L’humain, malgré tout

Par Trina Mounier
Les Trois Coups

Elle a séduit tant de metteurs en scène, et des plus prestigieux, cette pièce-phare de l’œuvre de Samuel Beckett, « En attendant Godot », qu’on pourrait croire qu’elle n’a plus rien à nous dire. Jean‑Pierre Vincent réussit pourtant à lui donner une nouvelle dimension qui éclaire la pièce d’une lumière nécessaire.

L’exigence ombrageuse et vétilleuse de l’auteur lui-même quant à la mise en scène, à la scénographie, à la dramaturgie, aux costumes, au respect des didascalies, renforce l’illusion d’une immobilité intemporelle et figée empêchant tout renouveau : dans un décor grisâtre où plus rien ne pousse, hormis un arbre déplumé, Wladimir et Estragon, deux pauvres êtres, misérables et frustes, passent leur vie à attendre comme hier, comme demain, Godot. Qui est-il ? On n’en saura rien et les deux hommes n’en savent rien non plus. Pas plus qu’ils ne savent pourquoi ils attendent. Pas plus qu’ils ne comprennent pourquoi, nuit après nuit, une bande d’inconnus les frappe. Rien ne les oblige à rester là et cependant ils craignent de manquer ce virtuel rendez-vous, comme une promesse. De toute façon, le temps, à force de se reproduire, est devenu indistinct… La présence de la racine god dans le nom de Godot a fait beaucoup écrire et parler sur le désert d’un monde sans dieu auquel, pour autant, personne ne parvient à renoncer. La faiblesse humaine est ainsi faite.

Une pièce écrite dans la tourmente

Il convient de se rappeler que Beckett écrivit cette pièce au sortir de la guerre et de la longue traversée qu’il fit d’une France dévastée, où des bandes faméliques erraient sans repères en quête d’un inimaginable avenir.
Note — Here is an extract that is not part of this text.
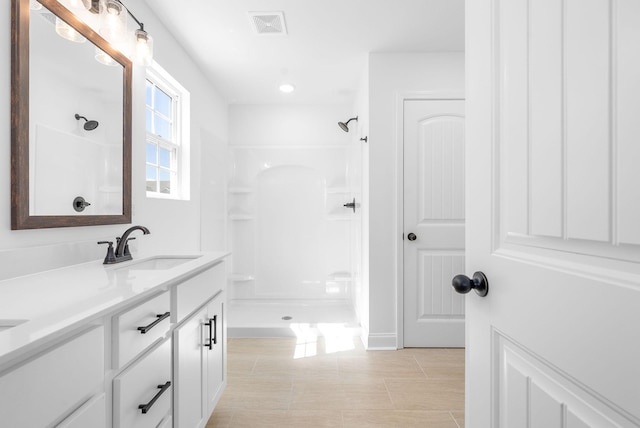 bathroom featuring vanity and walk in shower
Wladimir et Estragon sont de ces êtres-là, jetés sur les routes par la guerre, avec la disparition de leur toit, de leurs proches.
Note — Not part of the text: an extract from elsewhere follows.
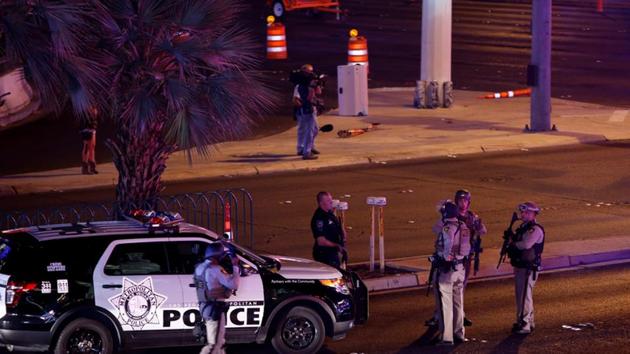 Las Vegas Metro Police officers gather near the intersection of Tropicana Avenue and Las Vegas Boulevard South after a mass shooting at a music festival.(REUTERS)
Les seuls autres humains qu’ils vont rencontrer dans cette solitude sont les incarnations du couple infernal maître / esclave, le premier tenant le second en laisse, le maltraitant physiquement et moralement, tandis que sa victime, loin de se rebeller, semble résignée à son sort. Pourtant, Lucky (Frédéric Leidgens) fut un lettré, comme en témoigne l’ordre aboyé par Pozzo (Alain Rimoux) : « Pense, porc ». Métaphore de la condition qui attend l’intellectuel dans ces temps où, dans l’échelle des valeurs, la pensée est reléguée loin derrière le succès mesuré à l’aune de l’argent ? Ici aussi, aucune perspective, ni explication ni issue, triste représentation des rapports de pouvoir qui régissent le monde.

Rien de fondamentalement distinct, donc, dans la mise en scène de Jean‑Pierre Vincent. Le plateau est gris, aucune différence de couleur ni de luminosité entre sol et ciel, arbre rabougri, quelques gros cailloux inconfortables sur lesquels on ne peut même pas se reposer…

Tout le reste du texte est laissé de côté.